We should also remember that, living in Melbourne or Sydney, we have never had to confront the scale and visibility of homelessness that exists in Darwin.

“Controlling the problem”

Unsurprisingly there is little patience for what people perceive as the problems associated with Aboriginal homelessness. Long grassers are often treated with outright hostility. They are seen as repugnant; human rubbish who smell, piss in public, are loud and anti-social and ruin the amenity of the city. Even amongst those who do show compassion, the population is seen as undesirable. Almost invariably, the non-indigenous population see long grassers as a “problem”, whose behaviour they want controlled and out of their sight.

A similar desire to “control the problem” is evident in policy making. At least since the Intervention in 2007, the dominant strategy has been to withdraw access to alcohol, through increasingly heavy-handed, race-specific mechanisms of control. While the impulse to get rid of the grog is understandable, these policies are largely ineffective – not to mention overtly racist. Five years into the Intervention, not only have “alcohol-related incidents” not decreased in the Territory, they have more than doubled. Prohibitions on purchasing alcohol with a Basics card are easily avoided by going to stores that ignore the restriction. Problem drinkers who are banned from purchasing alcohol simply buy it on the black market (“sly grog”) or get a friend or family member to purchase it for them.

Yet still policy makers persist along the same lines. The latest initiative of the NT Government is mandatory rehabilitation, where problem drinkers who are considered a threat to themselves and others can be compulsorily placed in 12-week treatment. If they walk out three times, they will face criminal charges, including the possibility of prison.
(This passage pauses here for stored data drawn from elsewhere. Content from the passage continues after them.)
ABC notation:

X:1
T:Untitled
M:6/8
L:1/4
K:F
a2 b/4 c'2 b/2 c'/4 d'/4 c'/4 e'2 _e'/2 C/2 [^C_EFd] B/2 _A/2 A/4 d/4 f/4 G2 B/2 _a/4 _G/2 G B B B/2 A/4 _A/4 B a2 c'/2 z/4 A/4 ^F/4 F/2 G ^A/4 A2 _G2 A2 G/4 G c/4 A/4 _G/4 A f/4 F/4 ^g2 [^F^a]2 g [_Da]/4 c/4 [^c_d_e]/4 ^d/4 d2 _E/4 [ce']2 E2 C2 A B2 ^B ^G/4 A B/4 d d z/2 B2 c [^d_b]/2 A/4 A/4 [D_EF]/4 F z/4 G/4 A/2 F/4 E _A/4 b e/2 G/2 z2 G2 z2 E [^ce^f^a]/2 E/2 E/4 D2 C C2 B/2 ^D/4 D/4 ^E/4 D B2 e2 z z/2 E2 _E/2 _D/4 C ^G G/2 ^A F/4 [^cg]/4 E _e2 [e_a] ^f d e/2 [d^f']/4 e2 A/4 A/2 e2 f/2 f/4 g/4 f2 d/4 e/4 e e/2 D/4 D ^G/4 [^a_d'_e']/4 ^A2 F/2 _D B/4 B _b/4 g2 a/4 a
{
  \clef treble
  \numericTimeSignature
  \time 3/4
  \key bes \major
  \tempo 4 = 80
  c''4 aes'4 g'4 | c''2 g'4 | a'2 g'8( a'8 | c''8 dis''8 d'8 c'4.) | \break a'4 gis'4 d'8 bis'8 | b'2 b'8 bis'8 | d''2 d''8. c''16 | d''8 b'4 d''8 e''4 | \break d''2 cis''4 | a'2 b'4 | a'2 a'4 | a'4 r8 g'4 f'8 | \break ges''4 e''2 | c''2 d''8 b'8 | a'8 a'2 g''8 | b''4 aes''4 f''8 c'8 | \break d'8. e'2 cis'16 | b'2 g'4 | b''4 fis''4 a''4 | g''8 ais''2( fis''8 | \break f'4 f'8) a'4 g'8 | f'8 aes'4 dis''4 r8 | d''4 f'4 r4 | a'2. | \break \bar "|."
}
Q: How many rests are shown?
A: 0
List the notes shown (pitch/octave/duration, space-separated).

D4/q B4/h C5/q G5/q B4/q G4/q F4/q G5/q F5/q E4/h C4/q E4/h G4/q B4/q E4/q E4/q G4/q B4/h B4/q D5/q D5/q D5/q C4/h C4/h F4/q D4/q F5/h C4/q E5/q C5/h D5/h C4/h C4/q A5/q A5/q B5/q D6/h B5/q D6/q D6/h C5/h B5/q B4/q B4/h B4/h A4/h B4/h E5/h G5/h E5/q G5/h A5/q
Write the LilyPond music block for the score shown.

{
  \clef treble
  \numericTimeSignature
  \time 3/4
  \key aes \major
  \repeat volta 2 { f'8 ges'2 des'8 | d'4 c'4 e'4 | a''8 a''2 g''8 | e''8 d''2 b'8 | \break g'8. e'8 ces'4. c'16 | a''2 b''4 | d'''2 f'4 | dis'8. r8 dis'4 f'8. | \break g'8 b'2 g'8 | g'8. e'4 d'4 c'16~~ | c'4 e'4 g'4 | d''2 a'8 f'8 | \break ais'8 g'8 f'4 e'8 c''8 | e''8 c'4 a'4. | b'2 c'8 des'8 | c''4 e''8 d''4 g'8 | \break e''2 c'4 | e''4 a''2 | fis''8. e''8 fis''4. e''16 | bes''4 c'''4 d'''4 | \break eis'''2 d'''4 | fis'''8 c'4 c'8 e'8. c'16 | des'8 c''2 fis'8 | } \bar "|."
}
The Government also plans to introduce Alcohol Protection Orders – orders banning people who have committed an alcohol-related crime from drinking, which it will then be a criminal offence to breach. As opponents of these plans point out, the policies criminalise a health problem and risk further increasing the already astronomical rates of Indigenous incarceration.
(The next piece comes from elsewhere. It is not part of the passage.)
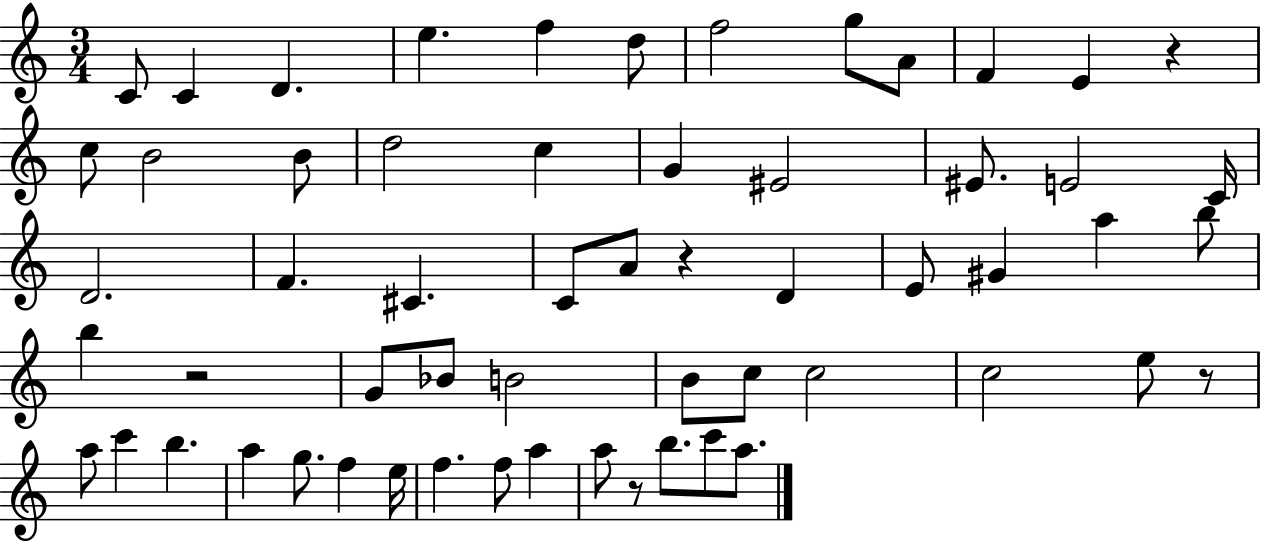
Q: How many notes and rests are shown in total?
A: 59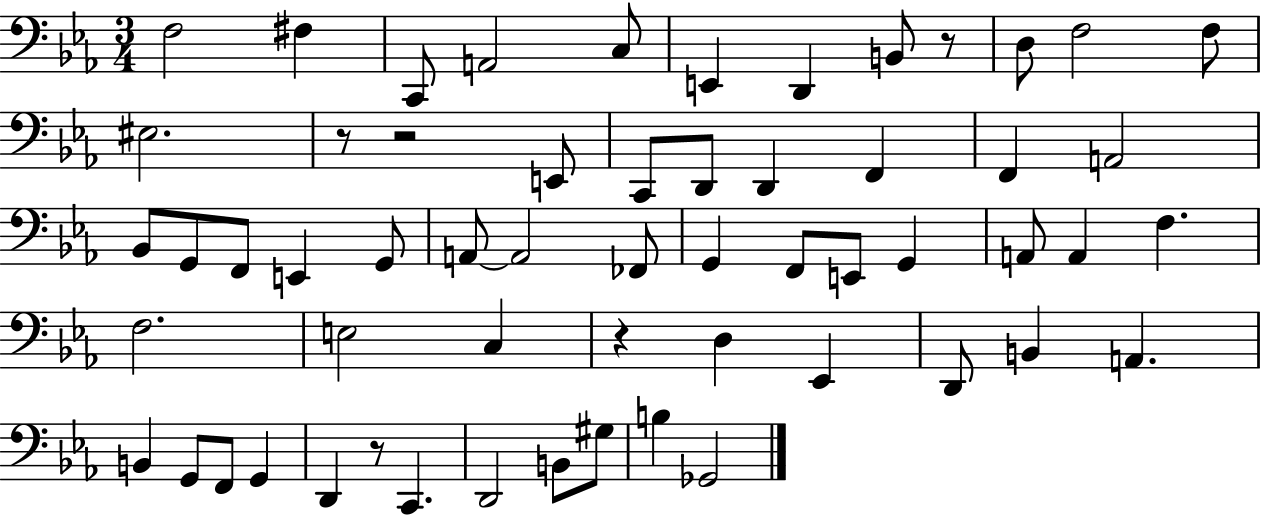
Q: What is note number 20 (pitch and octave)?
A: Bb2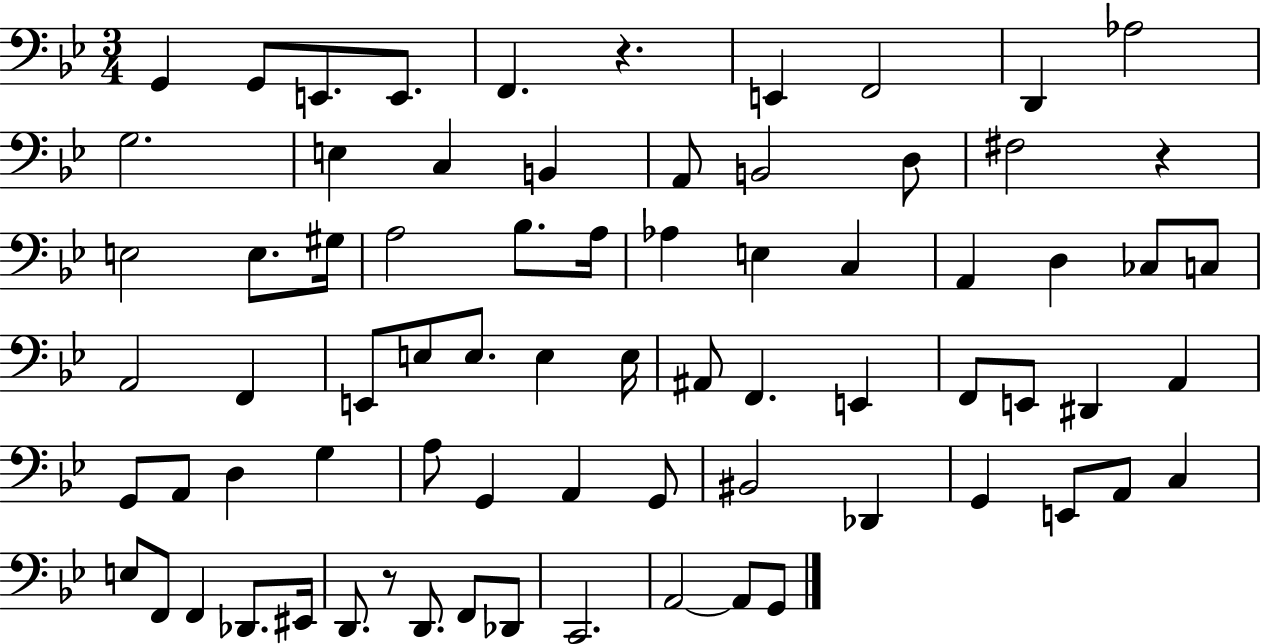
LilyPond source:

It would be easy, tempting even, to slip into a comfortable superiority when considering these attitudes and policies. But we should also remember that, living in Melbourne or Sydney, we have never had to confront the scale and visibility of homelessness that exists in Darwin. In our own communities, the homeless are invisible – begging silently on street corners, faces downcast, easy for our eyes to slide over. We do not know how we would react if that easy status quo was challenged.

Nor are our intellectual responses to the intractable complexities of Indigenous disadvantage necessarily more sophisticated than those of Territorians. Many of us are happy to formulaically adopt the prescriptions of Noel Pearson, or to make a general argument against the Intervention, without really engaging in the complexities of our position. Still more of us, overwhelmed by how difficult it all seems and worried that anything we say will be wrong, give up in bewilderment. I did this, leaving Darwin burnt out after only four weeks, more grateful than I have ever been to arrive back in Melbourne. To go back to working with refugees, where what I did seemed to have a sense of order and usefulness.  These responses are not something to be proud of, although they are to some degree understandable.

It is all too hard, and so we look away, hoping that someone else will “solve the problem”. Meanwhile in Darwin, long grassers roll with the policy punches, and life goes on much as before.